Similarly, in the case of '68 Robert Kennedy and Martin Luther King Jr. threaten to overshadow the two sons' concerns.

'68 opens with footage of demonstrations leading to the 1956 Revolution and it ends with Peter joining a demonstration against the Vietnam War twelve years later. The two ac­tions of resistance against an oppressive regime are ironically aimed at the two rival great powers. That same apparent contradiction also characterized Hungary's 1956 Revolution itself. The teenage heroes of that conflict learned to make Molotov cocktails from Soviet films about the Great October Revolution. I also have vivid memories of watching a truck carrying armed civilians chanting "Russki go home" a couple of days after shooting began at the central radio station. They too became actors in history. They had had ample time to learn the lessons of revolution during ten years of Russian domination.

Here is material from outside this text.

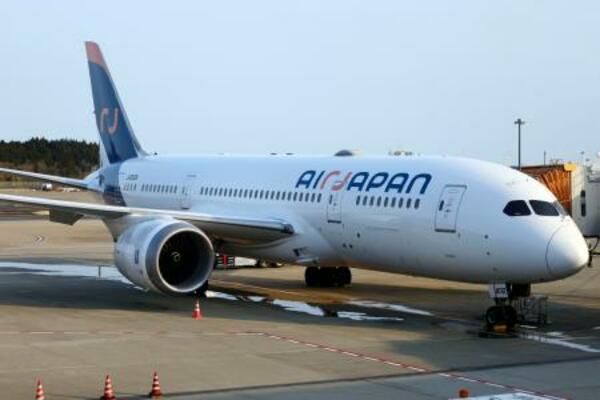 3月で運航を休止するエアージャパンの機体=28日午後、成田空港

1917, 1956, and 1968 still have relevance for the 1990s. Clearly a system which cannot provide ample food, shelter, and basic consumer goods for its citizens after 70 years stands as a failure. Economic failure created the dissatisfaction leading to political reform which has recently swept the Soviet Union, Poland, and Hungary. All of Eastern Europe is now witnessing the most profound and exciting political changes since they were created as Socialist entities. They face the process of democratizing their political institutions. They are also experimenting with loosening economic controls in order to bolster their productivity and material wellbeing.

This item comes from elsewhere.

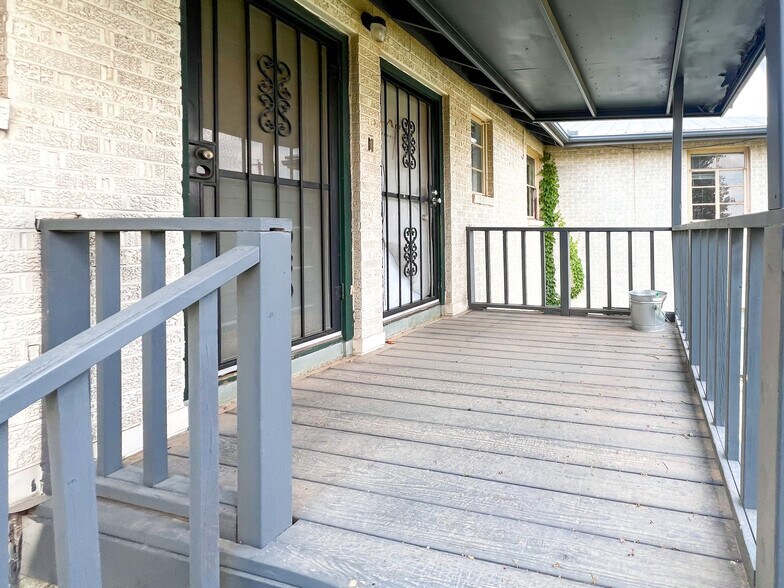 More Photos Of 1306 W Wall St, Midland Office For Lease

Yet to swing to the other extreme, of foreign-owned companies competing in unchecked trade, would also lead to impoverishment Unbridled free trade has produced great class inequities in the United States as well as in the Third World. Eastern Europe faces the challenge of instituting greater democracy and creating a healthy economy without betraying the ideals of Socialism. Neither can we be content with the United States today. The conservative reaction to the 60s still dominates government policy, as we can see in the Bush Administration's commitment to an excessive military budget, favoring tax cuts to the rich, weakening the social security system, and pursuing a foreign policy bent on destroying progressive foreign governments.

Writers, artists, and filmmakers have the role of fighting against the injustices they see in their own society. That holds true on whichever side of the rusting Iron Curtain they finds themselves. The only answer is to question, criticize and resist.